## TASK
Drop the images, then output the listing exactly.

## RAW DATA
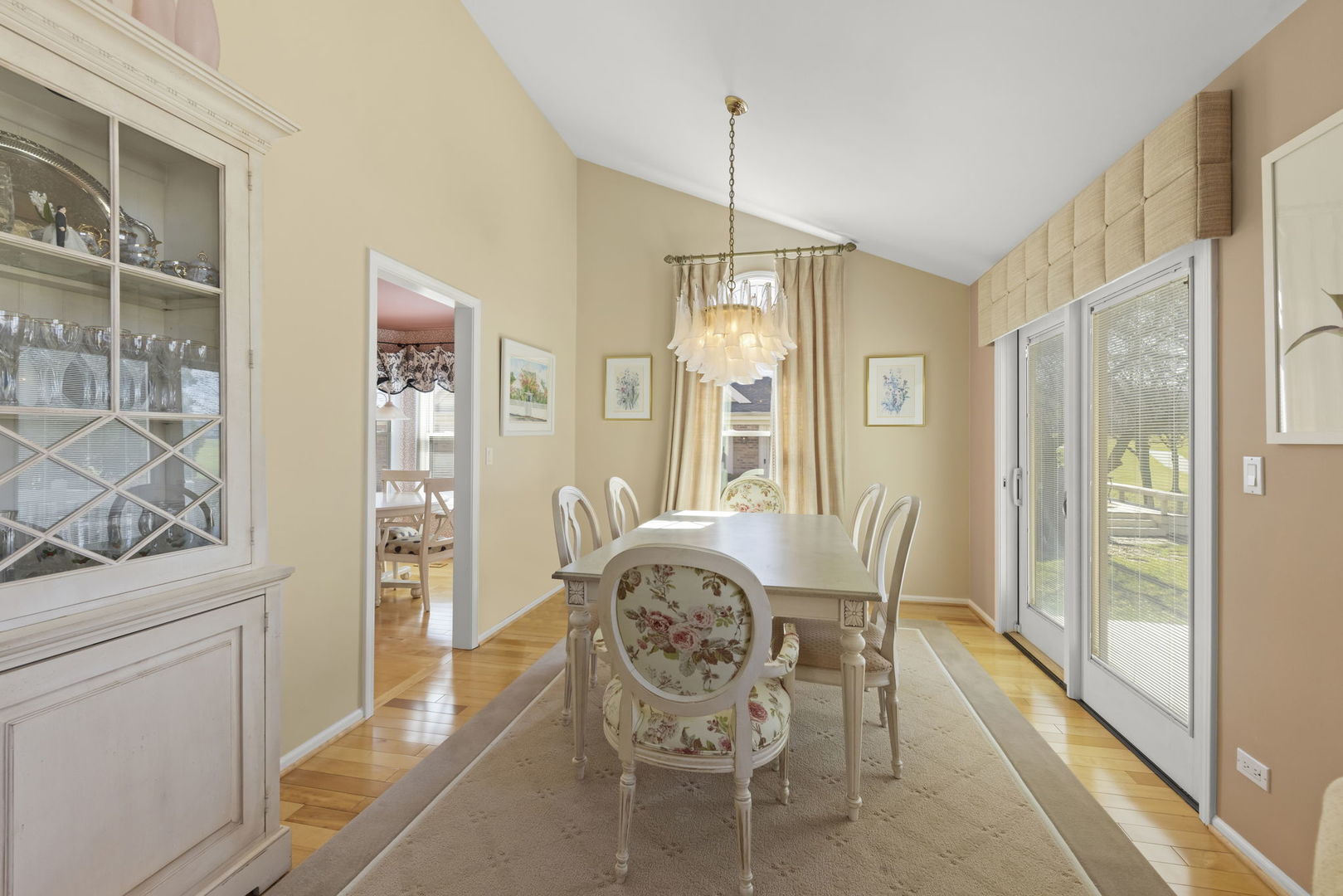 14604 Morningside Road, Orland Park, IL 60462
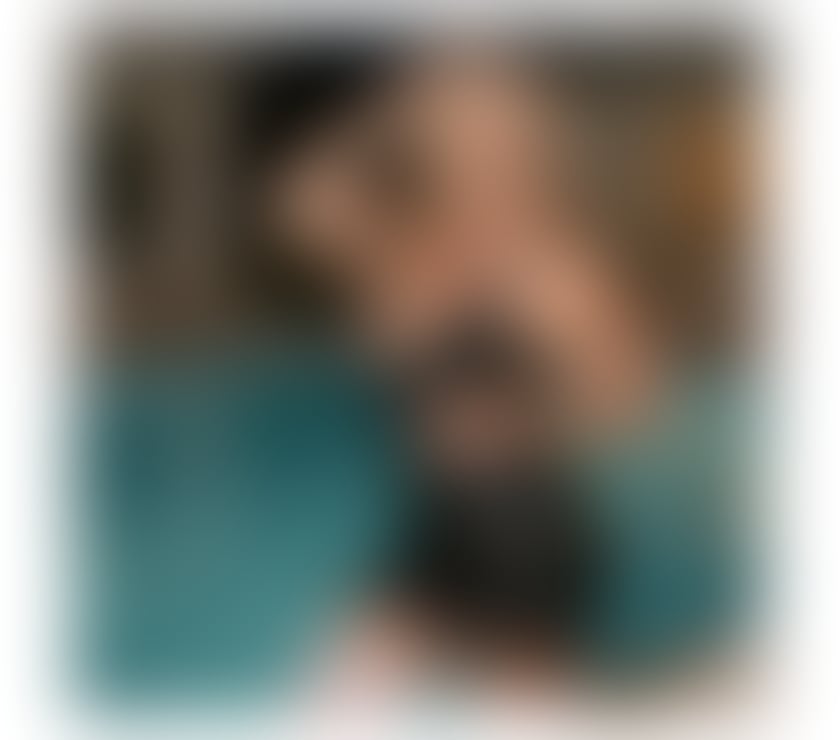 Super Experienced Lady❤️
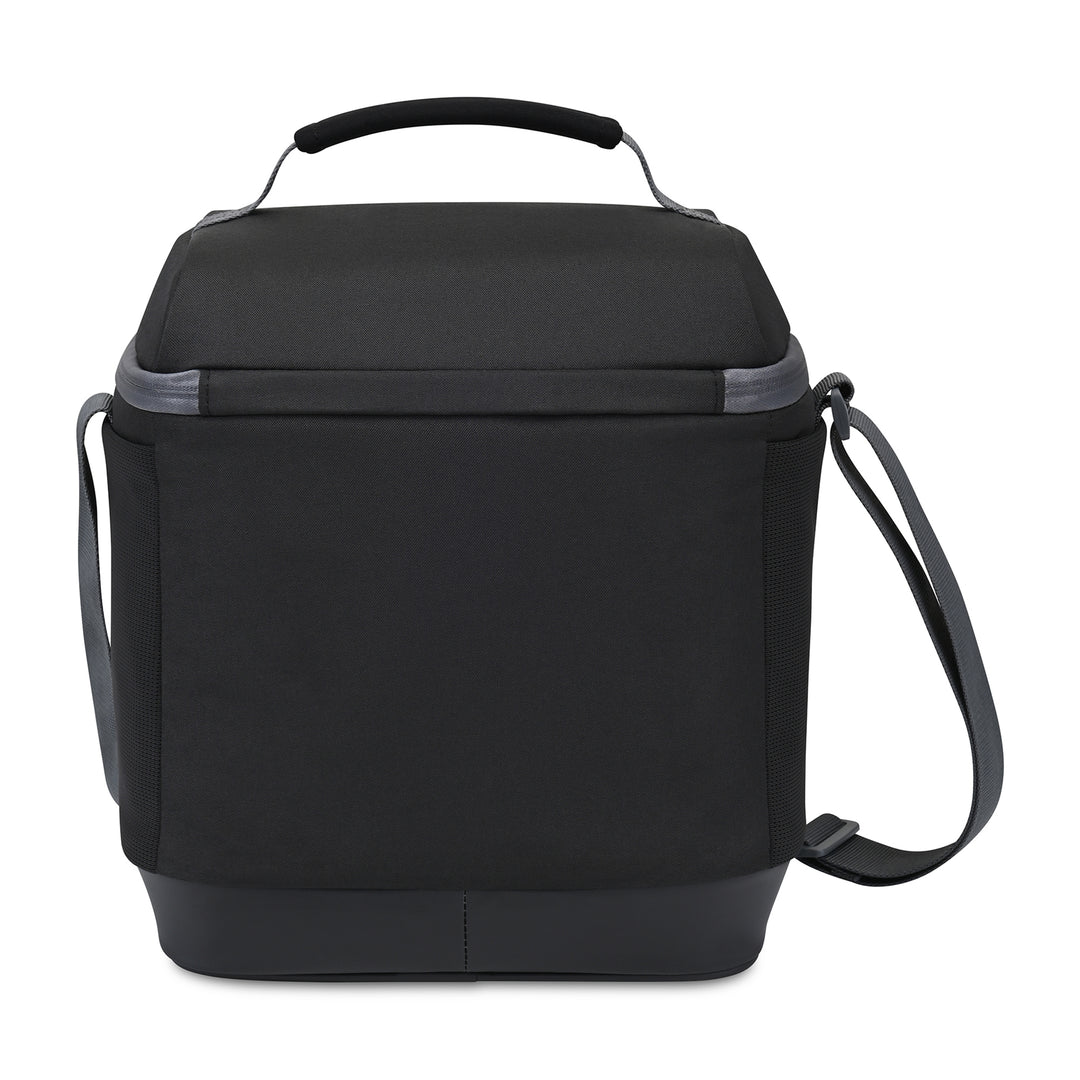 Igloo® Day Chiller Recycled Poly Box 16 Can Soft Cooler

## SOLUTION BELOW
 14604 Morningside Road, Orland Park, IL 60462
 Super Experienced Lady❤️
 Igloo® Day Chiller Recycled Poly Box 16 Can Soft Cooler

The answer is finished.